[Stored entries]
********

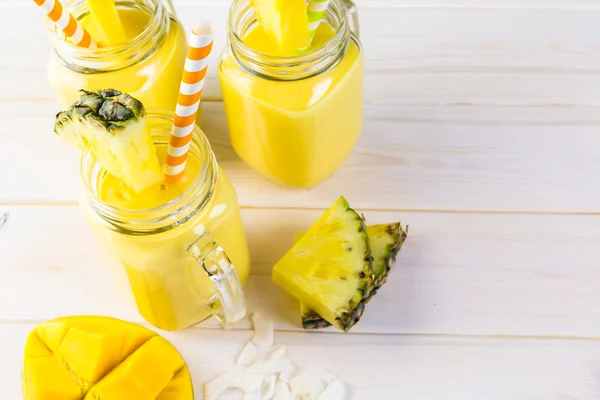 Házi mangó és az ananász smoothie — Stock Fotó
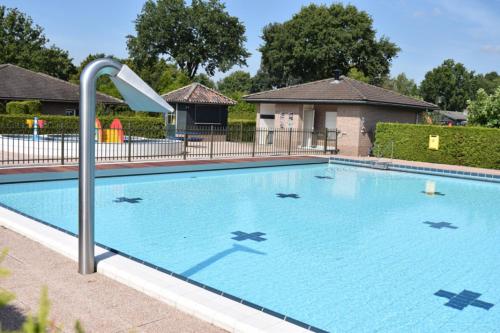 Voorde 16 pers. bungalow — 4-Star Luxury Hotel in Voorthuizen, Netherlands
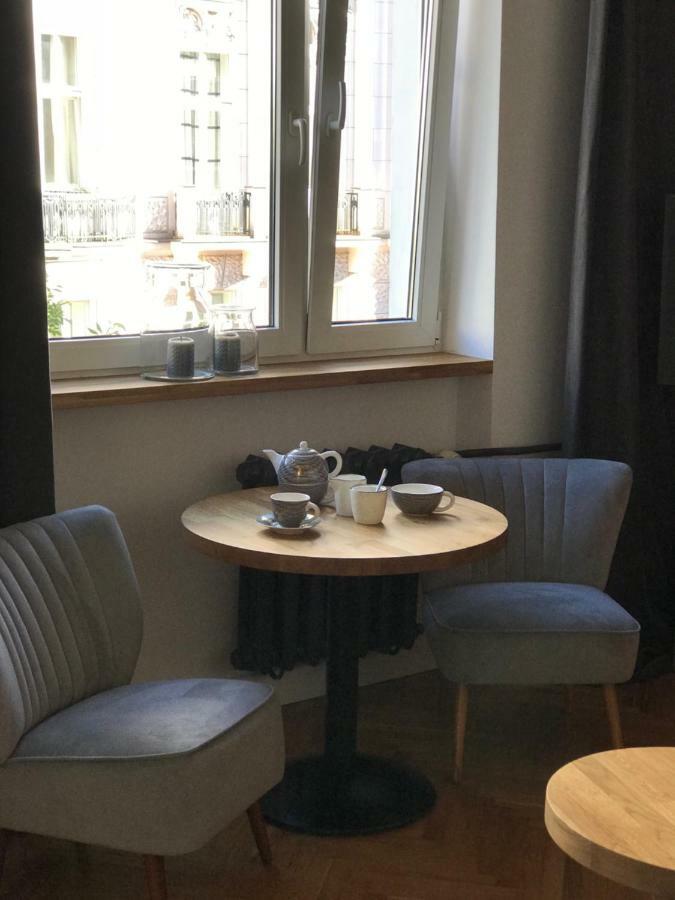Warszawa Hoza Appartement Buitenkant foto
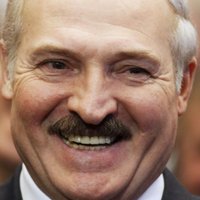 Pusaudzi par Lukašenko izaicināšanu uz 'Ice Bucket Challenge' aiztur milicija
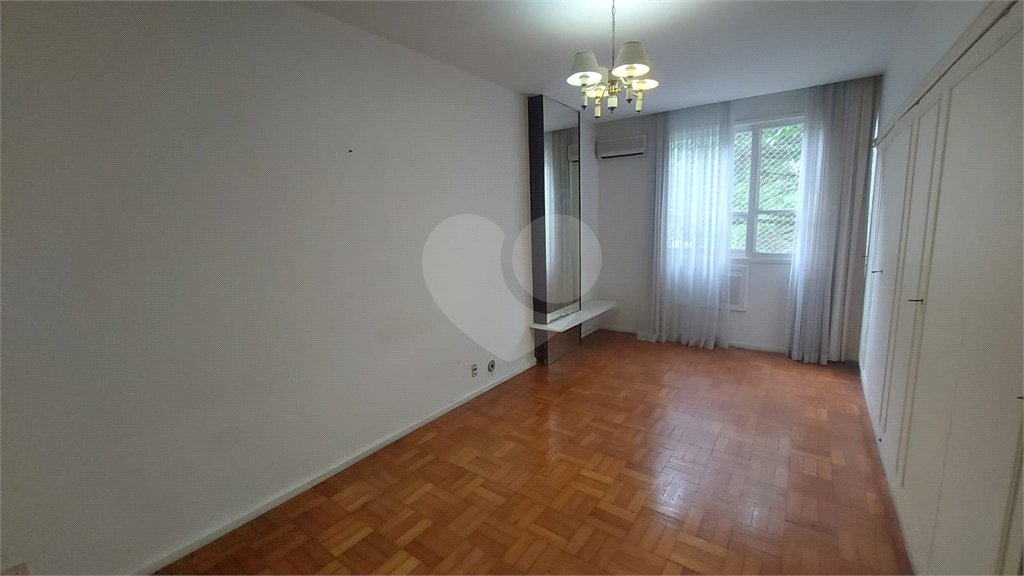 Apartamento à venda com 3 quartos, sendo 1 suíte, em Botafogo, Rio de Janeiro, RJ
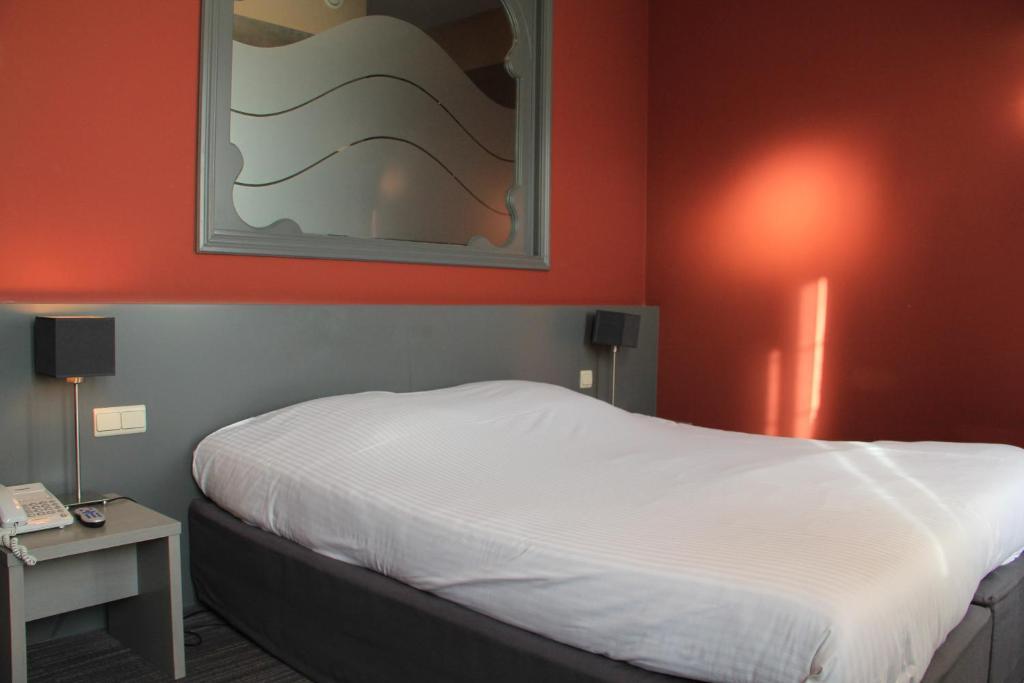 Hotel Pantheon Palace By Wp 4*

********

**TASK OBJECTIVE**
Starting with the line that has "Voorde 16 pers." and ending with the last line of the records, retype every line exactly and only those lines. Do not include the pictures.

**SOLVED EXERCISE**
 Voorde 16 pers. bungalow — 4-Star Luxury Hotel in Voorthuizen, Netherlands
Warszawa Hoza Appartement Buitenkant foto
 Pusaudzi par Lukašenko izaicināšanu uz 'Ice Bucket Challenge' aiztur milicija
 Apartamento à venda com 3 quartos, sendo 1 suíte, em Botafogo, Rio de Janeiro, RJ
 Hotel Pantheon Palace By Wp 4*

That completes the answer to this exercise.